Conforme dados divulgados pela Anfavea nesta sexta-feira, 6, no mês passado saíram das linhas de produção 14,8 mil veículos, volume 117% superior ao registrado um ano atrás. Na comparação mensal houve estabilidade, com variação positiva de 1,1%. Foi o melhor desempenho desde fevereiro de 2014 e, considerando os meses de julho, foi o mais expressivo desde 2013.
O vice-presidente da entidade, Marco Saltini, pondera apenas que, apesar dos resultados expressivos diante da forte demanda por caminhões, impulsionada pela retomada da economia, há que se pesar que um ano atrás, quando a pandemia eclodiu no País, as fábricas ficaram várias semanas paradas, o isolamento social era mais intenso e, por isso, a base de comparação é menor.
Com relação ao licenciamento dos 0 KM a média diária está melhor do que em 2019: neste ano, 544 caminhões foram emplacados por dia, enquanto que em 2020 eram 415 e, no ano anterior, 389. O executivo, no entanto, descarta que o movimento já sofra impacto da antecipação de compra devido à mudança de motorização para Euro 6, que entrará em vigor entre o fim de 2022 e início de 2023. “Estamos em um ritmo normal de crescimento diante da conjuntura econômica. E recuperando período muito ruim para o setor em 2016 e 2017, quando o volume chegava a 50 mil unidades por ano.”
De janeiro a julho, as vendas somaram 70,7 mil unidades, volume 49,2% superior ao registrado em igual período em 2020 – e, se compararmos ao montante comercializado em 2018, por exemplo, o crescimento é de 83,1%. É o melhor acumulado do ano desde 2014 – título que já havia sido obtido no primeiro semestre e que foi mantido em julho.
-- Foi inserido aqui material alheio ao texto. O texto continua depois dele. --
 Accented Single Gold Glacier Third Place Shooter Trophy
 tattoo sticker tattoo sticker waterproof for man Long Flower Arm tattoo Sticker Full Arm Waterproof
No mês passado foram comercializados 12 mil caminhões, 5,3% mais que em junho e 25,5% mais que no mesmo mês em 2020. Foi o melhor resultado desde dezembro de 2014 e, considerando os meses de julho, também o mais expressivo desde 2014. “Todos os segmentos tiveram aumento nos emplacamentos, exceto o de pesados, que retraiu 4,3%. Mas ele ainda possui a maior participação nas vendas de caminhões, respondendo por 48% do total. Se considerarmos pesados e semi-pesados, chega a 73%.”
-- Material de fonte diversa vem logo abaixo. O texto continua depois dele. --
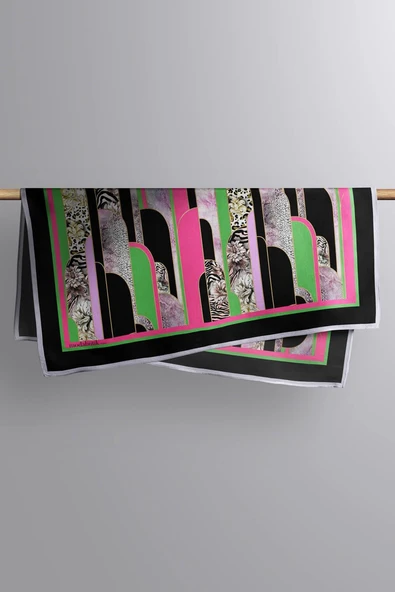 G89 KADIN DESEN BANDANA DG-576 - Resim 6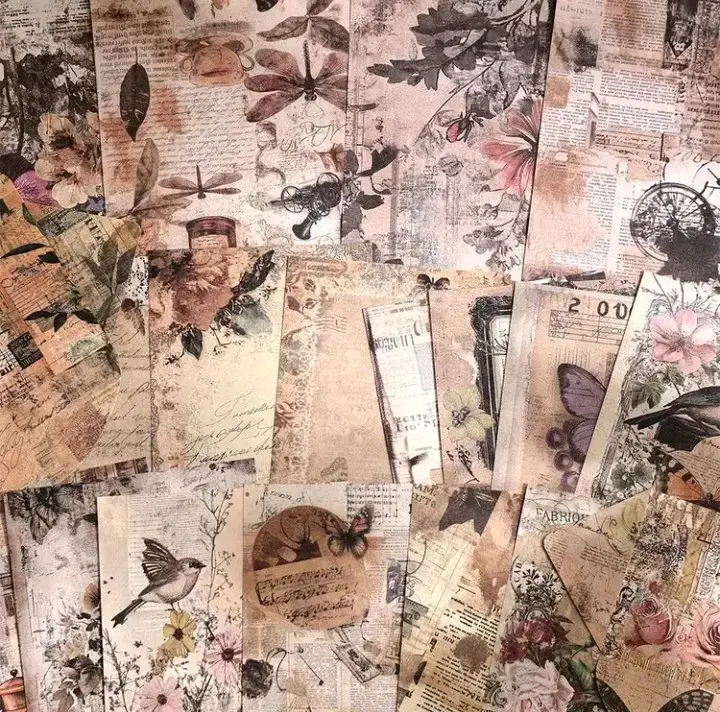 Set de papelería vintage A Garden Note - 3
Saltini avalia que, apesar da demanda, o cenário seria “menos difícil” caso não houvesse percalços com insumos, principalmente os semicondutores, pois, mesmo sendo afetado em menor escala do que os automóveis, o segmento também foi atingido. Sem projetar um número, ele afirma que o ritmo de produção estaria em um patamar um pouco acima e, consequentemente, o mercado também. “Muito tem se falado sobre a espera por caminhões. Embora normalmente o setor opere com compra programada, acredito que o volume de vendas poderia ser maior, chegando a 13 mil unidades por mês.”
Exportações – Foram embarcados a outros países 12 mil 615 caminhões neste ano, volume 109,7% superior ao período de janeiro a julho de 2020, sendo 1 mil 884 somente no mês passado – alta de 54,8% ante julho do ano passado e de 6,6% frente a junho.
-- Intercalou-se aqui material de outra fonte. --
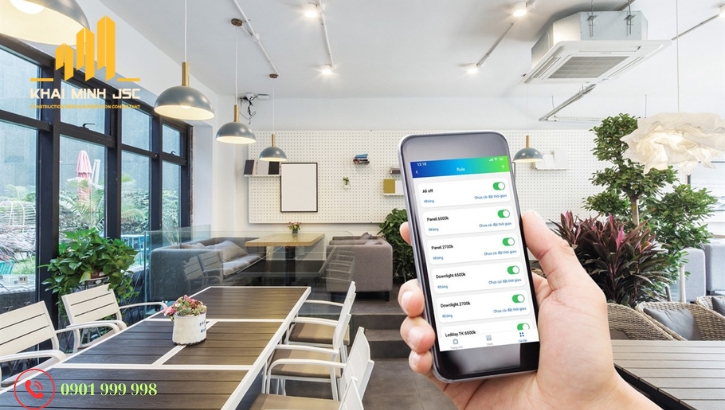 Hệ thống chiếu sáng thông minh giúp tăng giá trị thẩm mỹ cho không gian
“Tivemos o melhor julho desde 2018, e a Argentina continua sendo o nosso melhor mercado. O que ocorre no Brasil é a retomada da economia e, por isso, conseguimos performance adequada. Nosso produto é muito bem aceito. Mas poderia ser melhor se tivéssemos condições de competitividade um pouco melhor no País, principalmente quando comparamos com os asiáticos.”